Grand Canyon river guides and boaters asked to bypass Havasu Canyon to protect Havasupai Tribe from virus

The confluence of Havasu Creek with the Colorado River. (NPS/Erin Whittaker)

The confluence of Havasu Creek with the Colorado River. (NPS/Erin Whittaker)

GRAND CANYON, Ariz. – In an effort to minimize the spread of the COVID-19 virus and to further safeguard the Havasupai people and their traditional lands, the National Park Service (NPS) is requesting all river trips, both commercial and non-commercial, to voluntarily bypass Havasu Canyon on the Colorado River.

The request goes into effect immediately. River guides and boaters are encouraged to honor this request out of respect and safety for the Havasupai people. Havasu Canyon is located at river mile 157 of 277 Colorado River miles extending through the Grand Canyon.

Currently, the Havasupai reservation is under an emergency closure because of the COVID-19 virus.
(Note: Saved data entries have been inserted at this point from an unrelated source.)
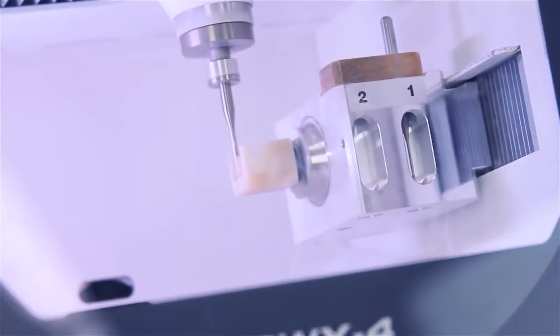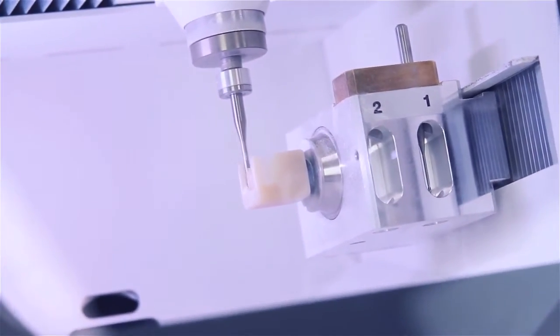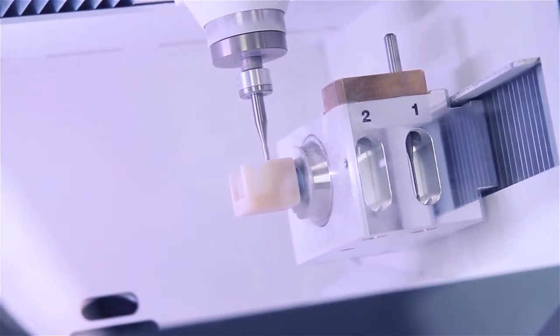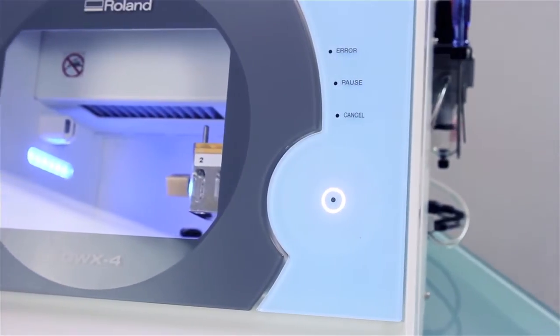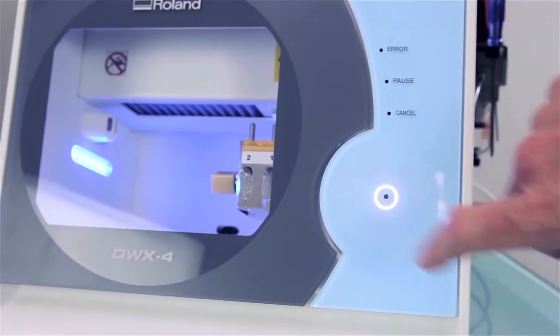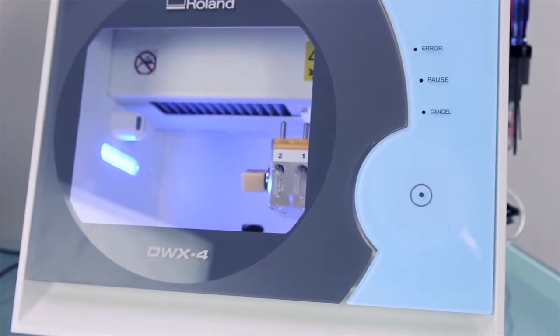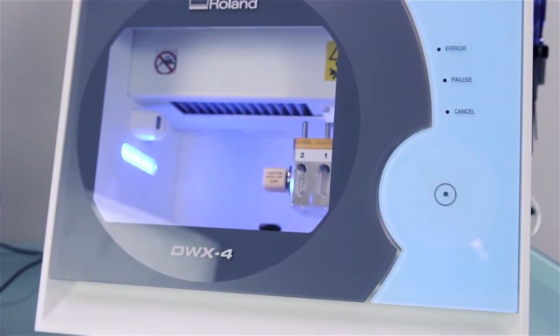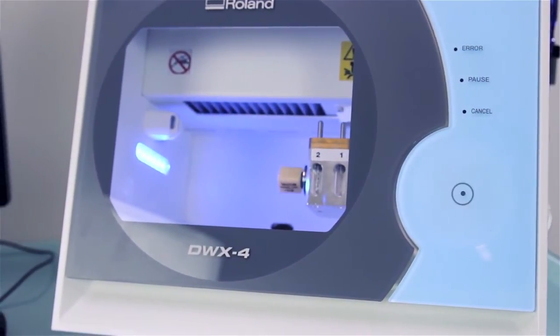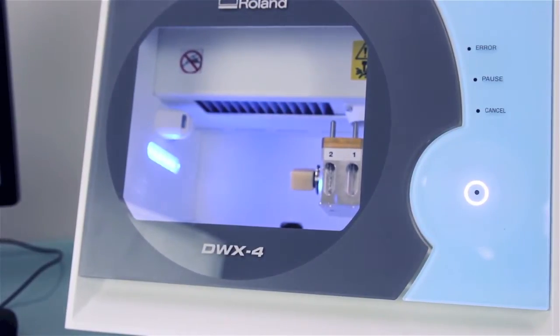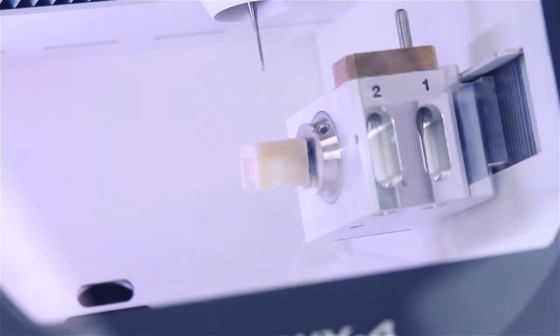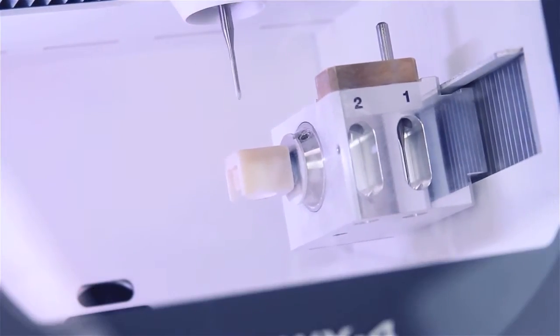It's so easy to use. After initializing the DWX4 by pushing a single button, just send your CAD/CAM file from your computer and watch it go to work. That's all it takes.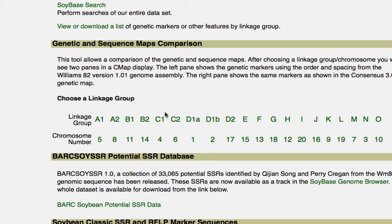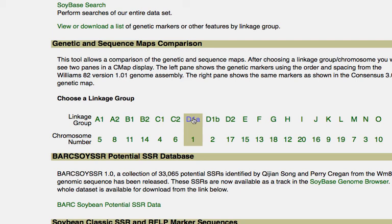This will allow you to compare the genetic map order with the sequence map order. As you're probably used to by now, you just simply pick a combination to compare.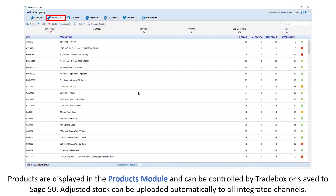Products are displayed in the products module and can be controlled by Traybox or slaved to Sage 50 accounts. Adjusted stock can be uploaded automatically to all integrated channels.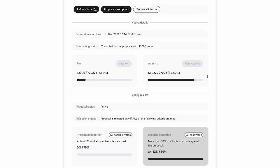Now, we could also have voted against it if we so wished, but we can also now see the majority condition has also been updated to even reduce that threshold criteria. So it's now voting even harder against the rejection of this proposal. And with our vote now cast, we just must wait until the voting ends. And once we can see the final criteria, we will know whether the vote for this proposal has either passed or if this proposal has been rejected.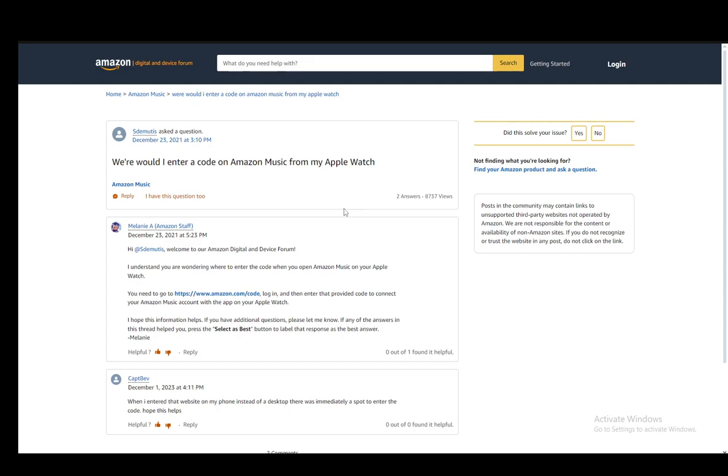For this tutorial I'll be using this example on the Amazon forums in which a person is trying to connect it to the Apple Watch and I'll be explaining how you can do that very easily using this first Amazon staff response, so let's go over it really quickly.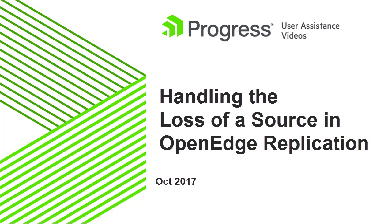In this video, we will look at the unexpected loss of a source. When a source is lost, you transition the primary target to a new source. Once transition completes, database activity will take place on the new source and replicate to the other target.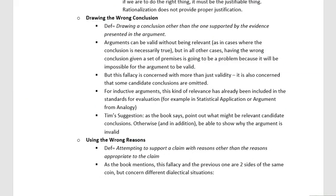One fallacy is called drawing the wrong conclusion, and the other is using the wrong reasons — reasons and premises being the same thing. Both of these fallacies are really the same mistake; it's one of the more general types of fallacies. It's not a very specific thing. Depending on the context of making that mistake, it would be one fallacy or the other.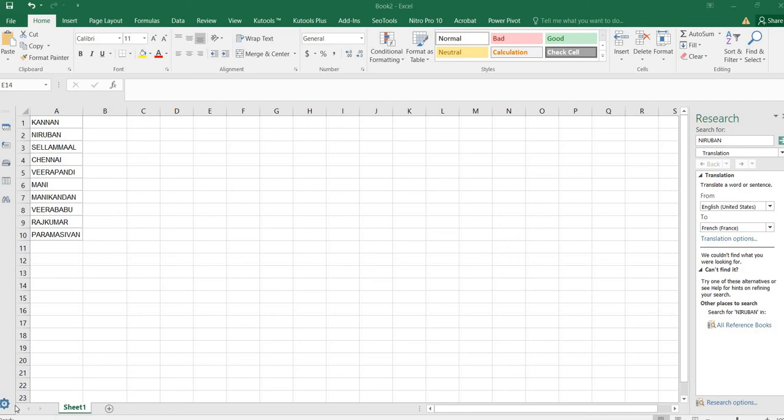Hello everyone, I will show you in the Excel sheet. In English or Tamil, we will see it in the same way.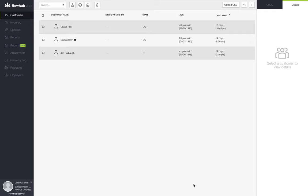In this video we're going to go over building and pulling a customer activity report. The purpose of the customer activity report is to see our total customers in the database, whether they are medical or recreational, when they were added to the platform, and any other pertinent data that is attached to that customer profile. To begin building this report, we're going to navigate to the reports classic section of the platform.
In May, the Havasupai Tribal Council suspended tourism until further notice.

The tribe stated that the coronavirus poses a grave public health threat to the Havasupai Tribe, therefore, the Tribal Council decided to take proactive measures to prevent its spread to the reservation, including declaring a state of emergency, restricting all travel in and out of the reservation, enacting a stay-at-home and mandatory quarantine order for all reservation residents.
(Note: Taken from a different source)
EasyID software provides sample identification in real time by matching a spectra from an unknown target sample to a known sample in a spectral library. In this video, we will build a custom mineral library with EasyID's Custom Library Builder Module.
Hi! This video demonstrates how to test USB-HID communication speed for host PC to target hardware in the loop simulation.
Entry into the reservation is prohibited and is strictly enforced by the Havasupai Tribe. Camping at the confluence of Havasu Creek and the Colorado River is always prohibited.

The tribe has stationed law enforcement at the boundary between the reservation and the park and will enforce any attempts to violate the closure order. The tribe will also share with NPS staff any information gathered on individuals or companies violating the closure order.

The NPS and the Havasupai Tribe stated they will continue to assess conditions and adjust operations as needed to provide for the safety of the Havasupai residents and boaters.

Grand Canyon National Park stated that its leadership is committed to working closely with its neighboring tribal communities to ensure that increasing access to the park is done in a manner that is sensitive to their interests and concerns.

“Park leadership respects the position of the Havasupai Tribe and their need to safeguard tribal members and lands,” the park stated.